= YOUR INSTRUCTIONS =
Skip every picture. Print each line from the one containing "Faux Leather Blazer" through the end of the records below, word for word.

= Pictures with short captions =
════════
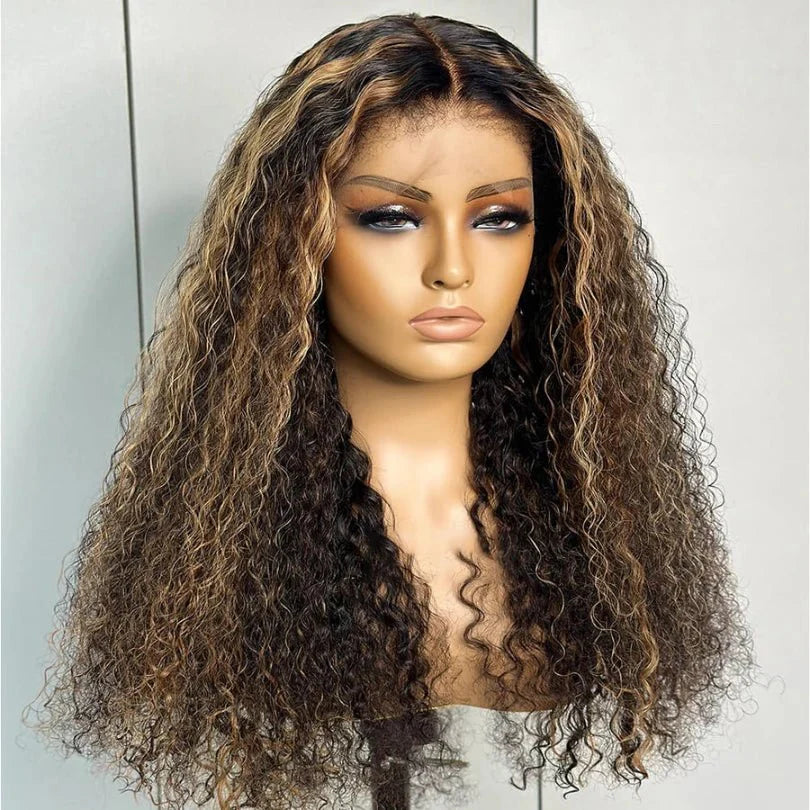 Bohemia Brown Kinky Curly Wig – Highlighted, Human Hair, Natural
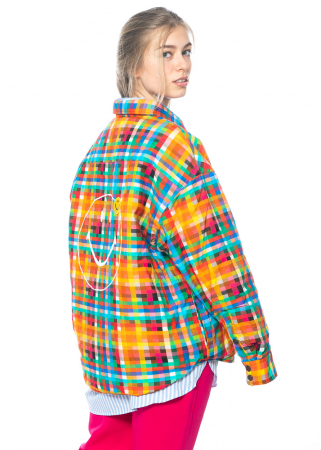 JOSHUAS, colorful plaid flannel puffer with pockets with smiley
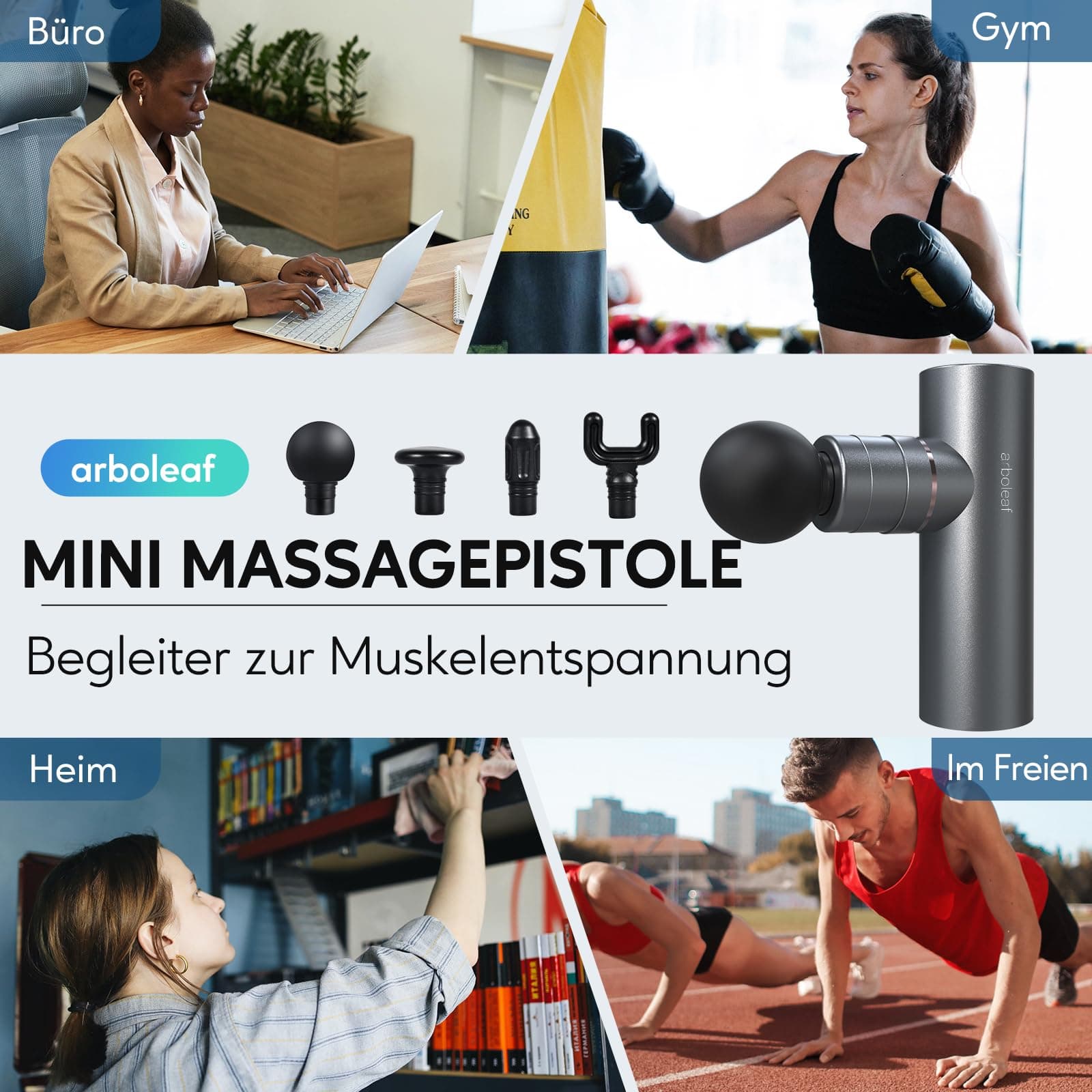 arboleaf Massagepistole mini Massage gun, 3200 U/min 0,47kg – Bild 7
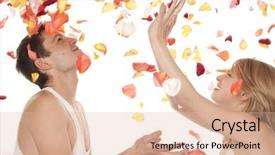  Presentation with rose falling animation - Amazing slide deck having attractive couple over falling rose backdrop and a lemonade colored foreground
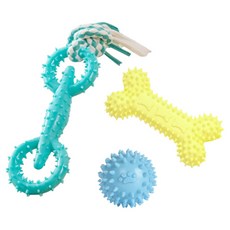 摩達客寵物 狗狗磨牙紓壓咬咬玩具三件A組 解悶趣味潔齒 自嗨耐咬寵物玩具, 藍色 + 黃色 + 綠色, 1套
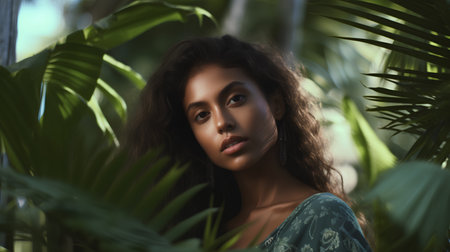 Portrait of a beautiful brunette woman in a green dress among palm leavesの素材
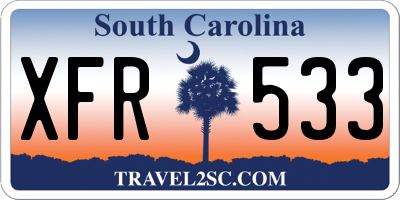 SC license plate XFR533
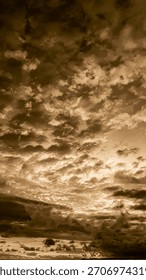 Dramatic Cloudscape Panorama in Sepia Toned Color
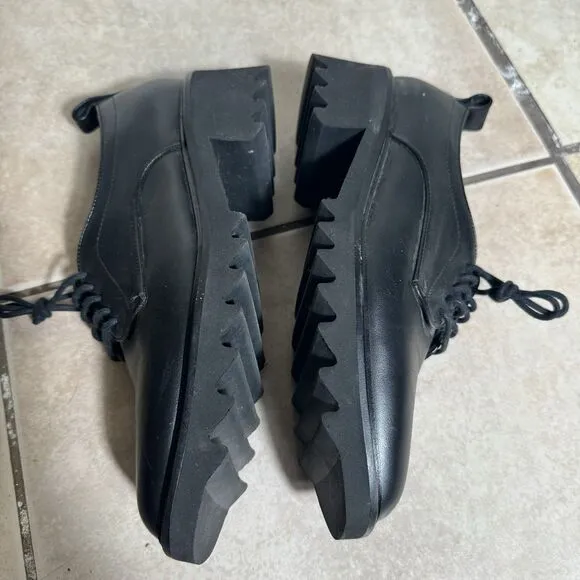 $450 Aquatalia Shana Women's 11 Calf Leather Weatherproof Oxfords Black Shoes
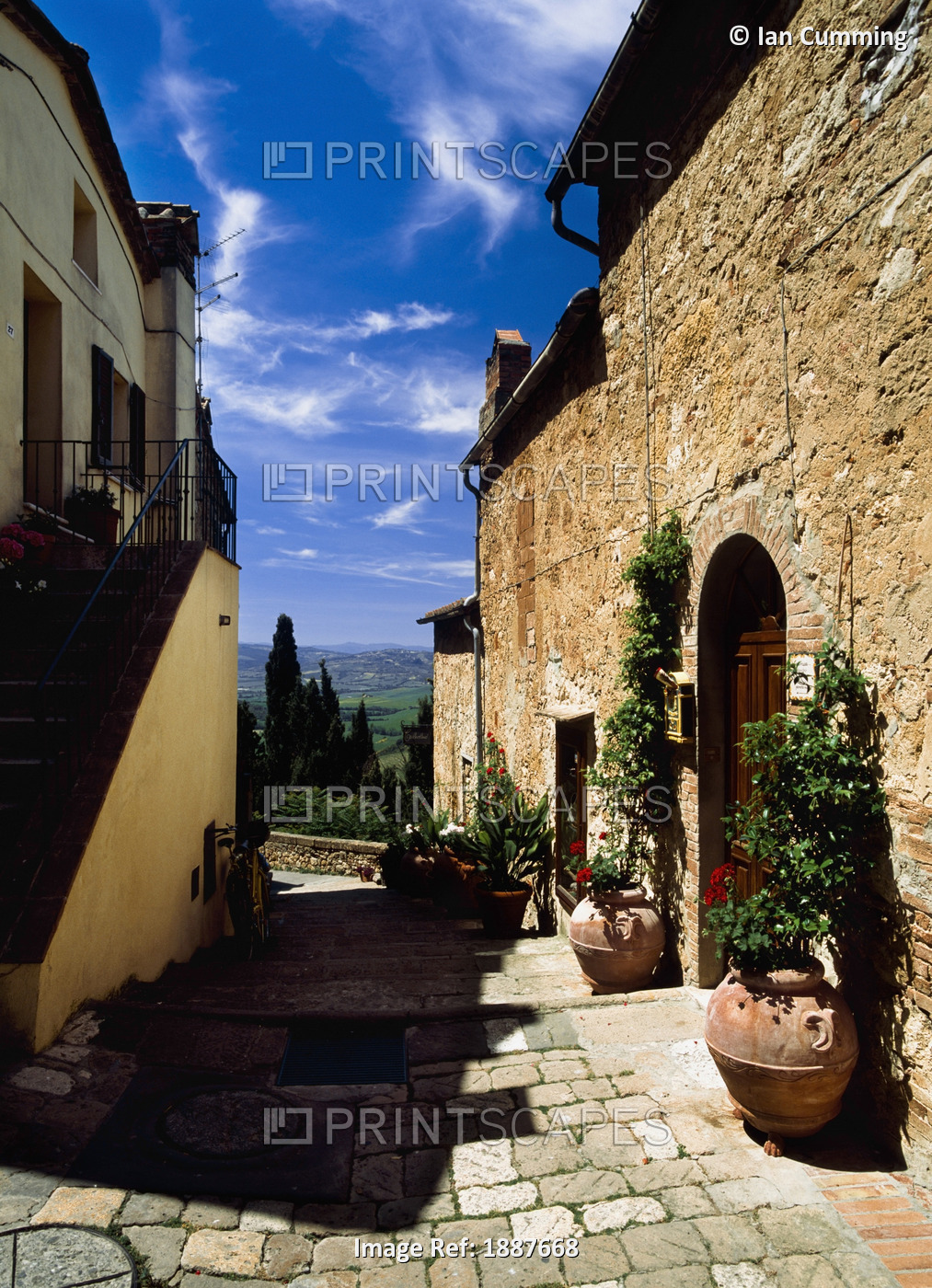Small Alley In Village Of Pienza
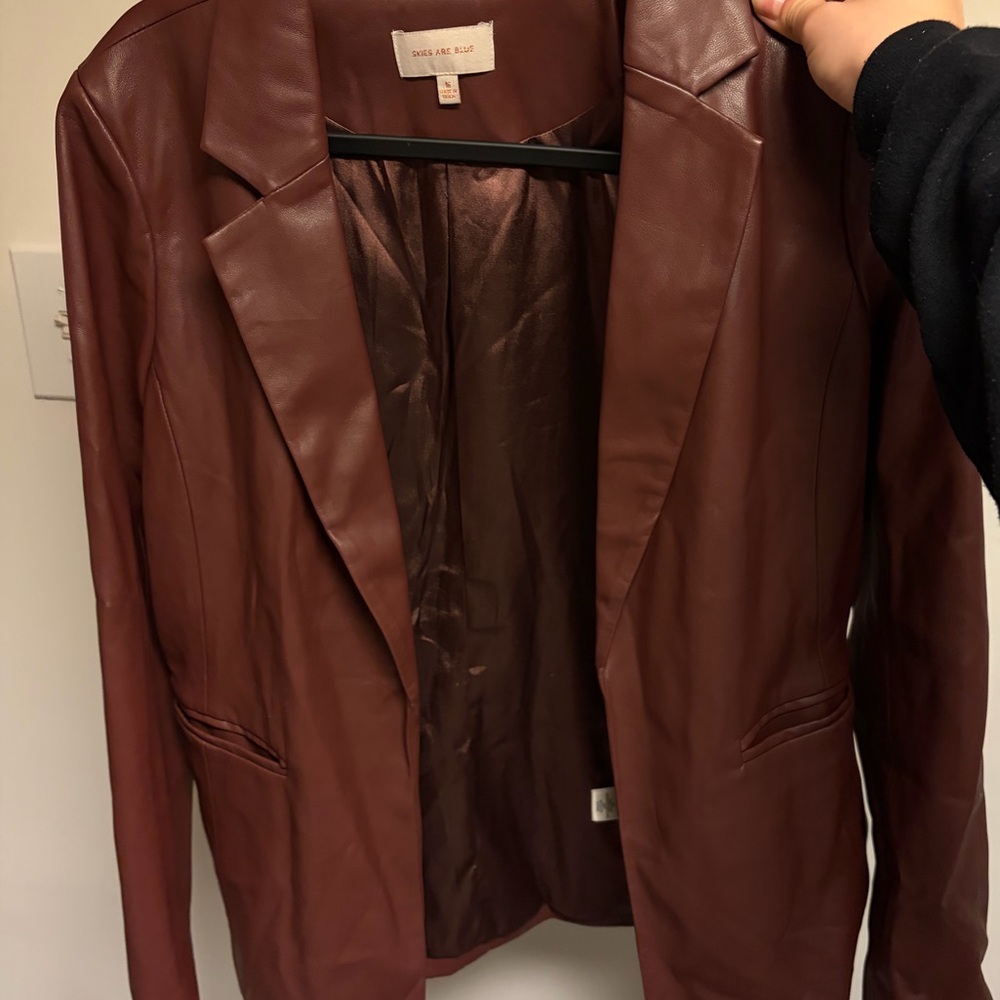 Faux Leather Blazer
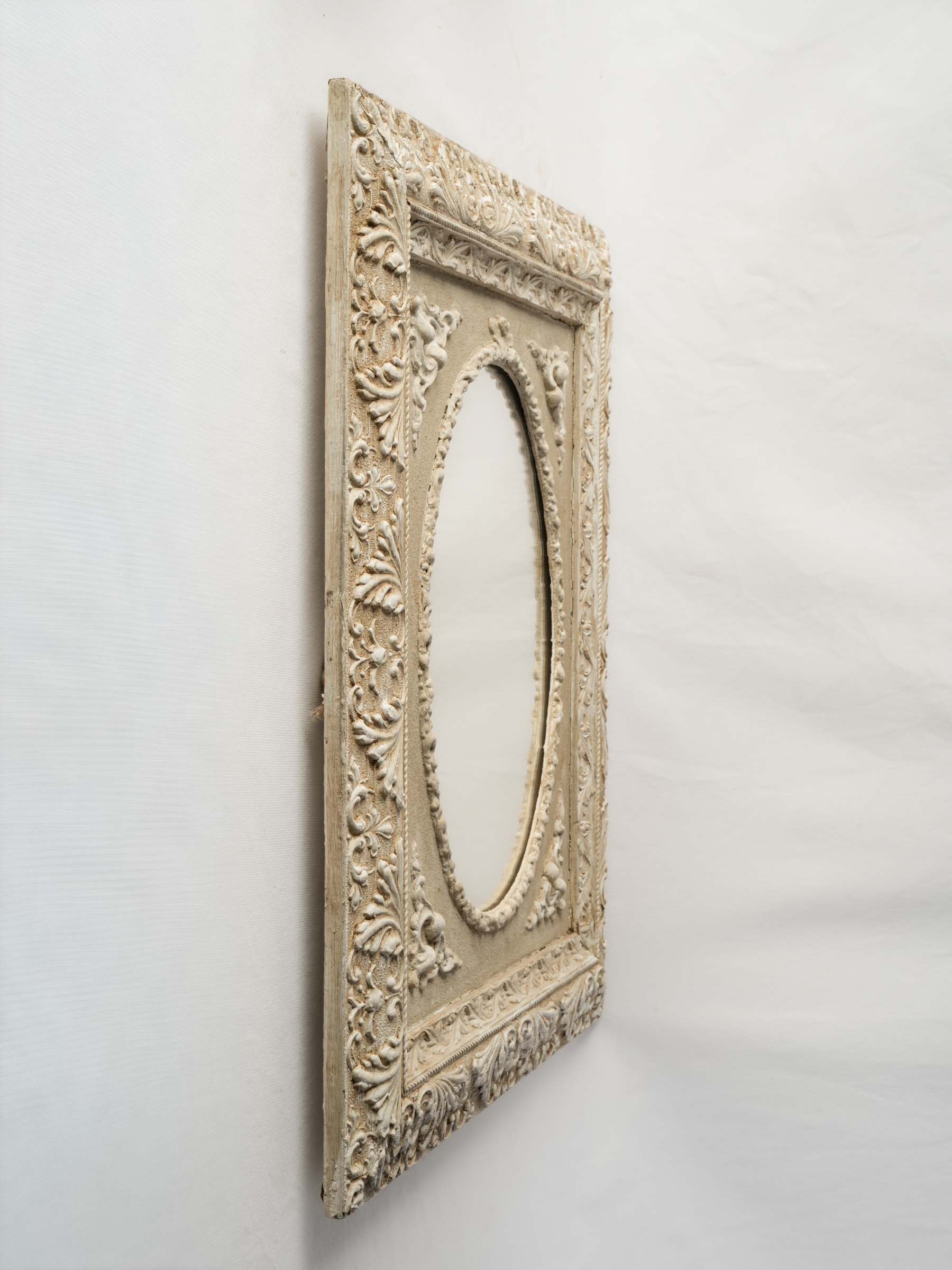 Antique French Carved Wood Wall Mirror with Oval Plate and Soft Ivory Patina - 26¾" x 22¾"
════════
= REPLY =
 Faux Leather Blazer
 Antique French Carved Wood Wall Mirror with Oval Plate and Soft Ivory Patina - 26¾" x 22¾"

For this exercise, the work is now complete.